* **Description of the task**
Which lines of the data contain the string "working"? Show each of them.

* **Source data**

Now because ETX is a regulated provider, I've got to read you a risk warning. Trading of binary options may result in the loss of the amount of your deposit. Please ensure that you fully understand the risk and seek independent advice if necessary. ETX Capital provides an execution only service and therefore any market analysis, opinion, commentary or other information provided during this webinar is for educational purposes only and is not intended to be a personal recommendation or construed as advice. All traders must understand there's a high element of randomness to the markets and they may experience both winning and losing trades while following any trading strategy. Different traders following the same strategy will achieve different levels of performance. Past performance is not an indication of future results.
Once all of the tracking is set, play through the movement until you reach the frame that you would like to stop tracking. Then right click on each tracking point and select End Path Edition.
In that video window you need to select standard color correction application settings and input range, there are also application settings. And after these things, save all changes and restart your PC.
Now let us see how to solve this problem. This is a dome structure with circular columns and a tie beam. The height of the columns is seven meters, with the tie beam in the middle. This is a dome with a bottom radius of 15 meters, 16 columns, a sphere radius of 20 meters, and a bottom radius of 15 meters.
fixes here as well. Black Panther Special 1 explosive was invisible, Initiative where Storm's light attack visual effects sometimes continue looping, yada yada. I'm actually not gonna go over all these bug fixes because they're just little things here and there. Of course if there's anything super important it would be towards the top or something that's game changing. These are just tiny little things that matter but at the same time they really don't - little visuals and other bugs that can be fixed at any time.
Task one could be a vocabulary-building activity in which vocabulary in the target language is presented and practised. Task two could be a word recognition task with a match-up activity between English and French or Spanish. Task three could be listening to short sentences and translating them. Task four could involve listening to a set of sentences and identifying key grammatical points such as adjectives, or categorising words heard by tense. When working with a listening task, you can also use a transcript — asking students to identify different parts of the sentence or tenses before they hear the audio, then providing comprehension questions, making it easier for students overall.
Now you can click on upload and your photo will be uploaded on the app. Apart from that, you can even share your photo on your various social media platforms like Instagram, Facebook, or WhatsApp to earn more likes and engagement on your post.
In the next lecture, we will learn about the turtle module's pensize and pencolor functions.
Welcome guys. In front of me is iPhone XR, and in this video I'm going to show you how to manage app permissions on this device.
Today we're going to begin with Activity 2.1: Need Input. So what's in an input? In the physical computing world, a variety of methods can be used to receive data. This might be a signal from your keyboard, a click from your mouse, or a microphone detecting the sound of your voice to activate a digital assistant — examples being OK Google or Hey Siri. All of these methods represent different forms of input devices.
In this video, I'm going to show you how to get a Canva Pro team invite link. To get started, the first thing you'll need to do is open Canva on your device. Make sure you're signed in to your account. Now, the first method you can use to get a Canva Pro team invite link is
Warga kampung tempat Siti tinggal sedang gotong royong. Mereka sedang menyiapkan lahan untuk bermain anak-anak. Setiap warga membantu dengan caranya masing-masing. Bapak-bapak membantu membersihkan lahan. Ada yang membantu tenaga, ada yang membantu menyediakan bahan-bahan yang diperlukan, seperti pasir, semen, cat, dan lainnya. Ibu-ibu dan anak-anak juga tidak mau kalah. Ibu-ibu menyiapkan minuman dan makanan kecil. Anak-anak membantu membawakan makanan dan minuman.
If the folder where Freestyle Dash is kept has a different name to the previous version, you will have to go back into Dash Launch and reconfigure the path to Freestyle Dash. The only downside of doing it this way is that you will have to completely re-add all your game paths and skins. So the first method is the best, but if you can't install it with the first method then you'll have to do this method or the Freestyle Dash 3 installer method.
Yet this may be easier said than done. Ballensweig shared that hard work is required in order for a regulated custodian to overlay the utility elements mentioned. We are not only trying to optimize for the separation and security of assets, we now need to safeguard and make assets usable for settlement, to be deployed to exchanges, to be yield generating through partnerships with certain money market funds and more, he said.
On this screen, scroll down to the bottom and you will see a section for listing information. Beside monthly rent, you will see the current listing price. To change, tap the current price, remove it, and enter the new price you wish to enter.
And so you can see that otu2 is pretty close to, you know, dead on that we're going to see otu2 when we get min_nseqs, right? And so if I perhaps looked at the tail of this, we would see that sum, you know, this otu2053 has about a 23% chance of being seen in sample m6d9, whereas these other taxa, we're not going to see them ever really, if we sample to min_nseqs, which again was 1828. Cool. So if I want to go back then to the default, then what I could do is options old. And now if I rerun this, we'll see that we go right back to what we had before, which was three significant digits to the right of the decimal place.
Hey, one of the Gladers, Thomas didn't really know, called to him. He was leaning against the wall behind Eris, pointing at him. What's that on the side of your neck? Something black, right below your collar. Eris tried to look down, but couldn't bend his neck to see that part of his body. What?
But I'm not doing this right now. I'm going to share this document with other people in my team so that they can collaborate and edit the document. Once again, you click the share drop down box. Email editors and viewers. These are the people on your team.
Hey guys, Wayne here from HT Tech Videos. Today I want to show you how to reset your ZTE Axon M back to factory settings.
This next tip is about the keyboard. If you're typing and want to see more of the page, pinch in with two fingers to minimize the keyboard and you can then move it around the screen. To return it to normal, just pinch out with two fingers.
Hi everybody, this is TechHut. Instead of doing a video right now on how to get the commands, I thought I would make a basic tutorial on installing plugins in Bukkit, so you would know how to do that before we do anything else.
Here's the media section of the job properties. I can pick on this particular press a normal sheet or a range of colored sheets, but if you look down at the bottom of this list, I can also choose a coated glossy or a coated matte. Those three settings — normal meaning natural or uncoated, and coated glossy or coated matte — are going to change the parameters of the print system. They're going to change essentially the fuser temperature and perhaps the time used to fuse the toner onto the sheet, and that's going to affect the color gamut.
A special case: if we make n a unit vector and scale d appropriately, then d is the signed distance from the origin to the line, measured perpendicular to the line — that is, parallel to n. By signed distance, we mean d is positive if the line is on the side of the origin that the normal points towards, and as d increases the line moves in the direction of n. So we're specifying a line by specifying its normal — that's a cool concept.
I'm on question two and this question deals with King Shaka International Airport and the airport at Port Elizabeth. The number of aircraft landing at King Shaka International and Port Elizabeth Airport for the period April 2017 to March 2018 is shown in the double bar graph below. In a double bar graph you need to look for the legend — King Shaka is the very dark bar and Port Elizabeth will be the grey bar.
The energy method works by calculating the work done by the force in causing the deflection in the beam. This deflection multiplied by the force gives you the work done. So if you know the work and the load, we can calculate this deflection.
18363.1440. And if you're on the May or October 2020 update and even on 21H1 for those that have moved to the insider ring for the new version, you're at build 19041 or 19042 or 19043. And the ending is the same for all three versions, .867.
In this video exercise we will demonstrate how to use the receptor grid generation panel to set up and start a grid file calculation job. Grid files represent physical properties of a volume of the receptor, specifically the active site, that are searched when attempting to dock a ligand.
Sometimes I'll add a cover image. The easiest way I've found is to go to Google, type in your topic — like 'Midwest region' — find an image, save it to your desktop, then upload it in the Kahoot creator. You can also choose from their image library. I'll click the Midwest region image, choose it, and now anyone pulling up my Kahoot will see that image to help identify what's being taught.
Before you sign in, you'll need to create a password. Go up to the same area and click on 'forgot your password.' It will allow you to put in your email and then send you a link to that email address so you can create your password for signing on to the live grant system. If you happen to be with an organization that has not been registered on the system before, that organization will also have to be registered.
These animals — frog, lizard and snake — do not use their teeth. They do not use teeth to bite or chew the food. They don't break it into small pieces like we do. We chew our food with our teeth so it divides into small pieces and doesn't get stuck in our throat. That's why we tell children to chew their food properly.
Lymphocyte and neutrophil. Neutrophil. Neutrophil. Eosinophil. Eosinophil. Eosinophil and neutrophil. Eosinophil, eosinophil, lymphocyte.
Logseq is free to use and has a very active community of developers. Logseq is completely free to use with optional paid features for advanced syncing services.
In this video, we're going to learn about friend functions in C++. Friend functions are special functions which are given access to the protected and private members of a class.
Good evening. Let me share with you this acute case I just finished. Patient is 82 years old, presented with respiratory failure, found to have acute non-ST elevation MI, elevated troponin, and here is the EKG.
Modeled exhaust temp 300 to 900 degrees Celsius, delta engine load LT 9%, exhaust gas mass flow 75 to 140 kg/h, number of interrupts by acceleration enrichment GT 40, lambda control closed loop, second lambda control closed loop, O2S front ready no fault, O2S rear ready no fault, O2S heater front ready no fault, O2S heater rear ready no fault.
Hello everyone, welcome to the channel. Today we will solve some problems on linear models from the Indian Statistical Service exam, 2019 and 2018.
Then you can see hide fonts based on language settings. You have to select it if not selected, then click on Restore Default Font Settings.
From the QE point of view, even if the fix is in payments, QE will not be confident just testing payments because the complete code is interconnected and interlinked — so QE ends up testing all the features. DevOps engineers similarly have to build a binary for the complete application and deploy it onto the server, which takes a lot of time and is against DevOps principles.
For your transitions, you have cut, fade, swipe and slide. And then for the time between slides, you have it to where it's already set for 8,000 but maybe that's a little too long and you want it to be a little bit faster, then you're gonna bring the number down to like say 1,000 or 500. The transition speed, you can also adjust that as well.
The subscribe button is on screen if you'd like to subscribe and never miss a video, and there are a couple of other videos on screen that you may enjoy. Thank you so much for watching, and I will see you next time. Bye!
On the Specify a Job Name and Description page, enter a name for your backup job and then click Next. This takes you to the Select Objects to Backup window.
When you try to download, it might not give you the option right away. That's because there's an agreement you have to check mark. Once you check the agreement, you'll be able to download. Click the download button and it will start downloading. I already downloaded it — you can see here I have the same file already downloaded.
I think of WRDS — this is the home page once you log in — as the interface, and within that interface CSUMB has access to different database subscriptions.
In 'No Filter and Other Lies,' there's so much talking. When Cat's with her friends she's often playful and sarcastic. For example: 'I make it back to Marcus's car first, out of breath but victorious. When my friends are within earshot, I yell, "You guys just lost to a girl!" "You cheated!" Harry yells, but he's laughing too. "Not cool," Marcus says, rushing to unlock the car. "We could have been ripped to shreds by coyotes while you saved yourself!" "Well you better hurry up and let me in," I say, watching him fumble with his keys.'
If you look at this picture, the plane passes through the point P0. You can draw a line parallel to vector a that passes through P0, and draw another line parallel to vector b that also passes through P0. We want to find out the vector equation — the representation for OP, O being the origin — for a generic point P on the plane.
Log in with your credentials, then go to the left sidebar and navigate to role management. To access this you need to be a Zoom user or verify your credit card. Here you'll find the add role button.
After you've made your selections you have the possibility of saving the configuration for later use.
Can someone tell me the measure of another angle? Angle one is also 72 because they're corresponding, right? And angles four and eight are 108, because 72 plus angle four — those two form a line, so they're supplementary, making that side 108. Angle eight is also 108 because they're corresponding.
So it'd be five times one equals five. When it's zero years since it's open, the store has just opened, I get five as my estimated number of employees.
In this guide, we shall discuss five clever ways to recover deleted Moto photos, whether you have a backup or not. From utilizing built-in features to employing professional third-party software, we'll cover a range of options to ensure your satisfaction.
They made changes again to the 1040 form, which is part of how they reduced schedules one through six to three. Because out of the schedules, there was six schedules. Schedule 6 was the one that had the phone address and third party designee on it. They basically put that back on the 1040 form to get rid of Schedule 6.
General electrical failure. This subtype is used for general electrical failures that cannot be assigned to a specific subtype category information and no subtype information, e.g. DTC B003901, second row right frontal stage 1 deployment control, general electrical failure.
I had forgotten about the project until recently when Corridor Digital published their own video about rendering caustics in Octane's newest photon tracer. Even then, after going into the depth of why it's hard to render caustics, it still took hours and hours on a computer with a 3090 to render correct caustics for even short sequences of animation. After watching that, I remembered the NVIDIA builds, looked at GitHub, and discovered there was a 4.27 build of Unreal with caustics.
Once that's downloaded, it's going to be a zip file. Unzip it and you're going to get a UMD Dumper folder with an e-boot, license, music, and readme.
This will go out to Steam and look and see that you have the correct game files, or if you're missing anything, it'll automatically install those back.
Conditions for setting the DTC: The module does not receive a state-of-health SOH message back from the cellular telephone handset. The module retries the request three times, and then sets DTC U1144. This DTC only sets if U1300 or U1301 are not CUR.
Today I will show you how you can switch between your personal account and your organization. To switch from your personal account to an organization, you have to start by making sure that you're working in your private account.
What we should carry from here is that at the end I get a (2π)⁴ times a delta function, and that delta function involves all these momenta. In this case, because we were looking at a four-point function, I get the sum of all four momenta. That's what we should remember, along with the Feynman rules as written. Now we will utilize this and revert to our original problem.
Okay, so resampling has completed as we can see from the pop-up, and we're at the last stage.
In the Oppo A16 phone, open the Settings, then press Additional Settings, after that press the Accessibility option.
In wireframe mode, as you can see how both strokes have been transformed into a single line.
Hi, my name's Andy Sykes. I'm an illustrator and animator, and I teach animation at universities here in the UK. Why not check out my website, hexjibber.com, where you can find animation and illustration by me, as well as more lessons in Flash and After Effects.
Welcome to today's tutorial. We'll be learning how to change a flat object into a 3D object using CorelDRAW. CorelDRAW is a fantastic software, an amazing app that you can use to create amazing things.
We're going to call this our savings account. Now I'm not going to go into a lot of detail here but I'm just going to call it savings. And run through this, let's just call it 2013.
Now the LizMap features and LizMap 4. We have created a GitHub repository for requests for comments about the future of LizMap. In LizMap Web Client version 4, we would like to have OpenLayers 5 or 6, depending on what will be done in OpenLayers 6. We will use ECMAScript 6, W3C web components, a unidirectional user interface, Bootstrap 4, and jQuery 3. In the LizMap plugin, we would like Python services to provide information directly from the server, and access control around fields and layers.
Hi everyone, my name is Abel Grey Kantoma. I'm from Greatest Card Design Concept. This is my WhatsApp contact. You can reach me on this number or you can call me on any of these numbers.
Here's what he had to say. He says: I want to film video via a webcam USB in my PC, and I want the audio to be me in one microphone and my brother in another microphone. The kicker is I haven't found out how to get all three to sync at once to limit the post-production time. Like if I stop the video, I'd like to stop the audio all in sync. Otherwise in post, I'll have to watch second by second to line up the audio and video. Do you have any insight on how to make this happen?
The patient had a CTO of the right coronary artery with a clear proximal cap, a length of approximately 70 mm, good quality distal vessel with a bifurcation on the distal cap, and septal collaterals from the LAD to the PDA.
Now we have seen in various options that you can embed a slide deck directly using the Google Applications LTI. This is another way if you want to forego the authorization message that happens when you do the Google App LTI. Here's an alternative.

* **Solution for this problem**
Task one could be a vocabulary-building activity in which vocabulary in the target language is presented and practised. Task two could be a word recognition task with a match-up activity between English and French or Spanish. Task three could be listening to short sentences and translating them. Task four could involve listening to a set of sentences and identifying key grammatical points such as adjectives, or categorising words heard by tense. When working with a listening task, you can also use a transcript — asking students to identify different parts of the sentence or tenses before they hear the audio, then providing comprehension questions, making it easier for students overall.
Today I will show you how you can switch between your personal account and your organization. To switch from your personal account to an organization, you have to start by making sure that you're working in your private account.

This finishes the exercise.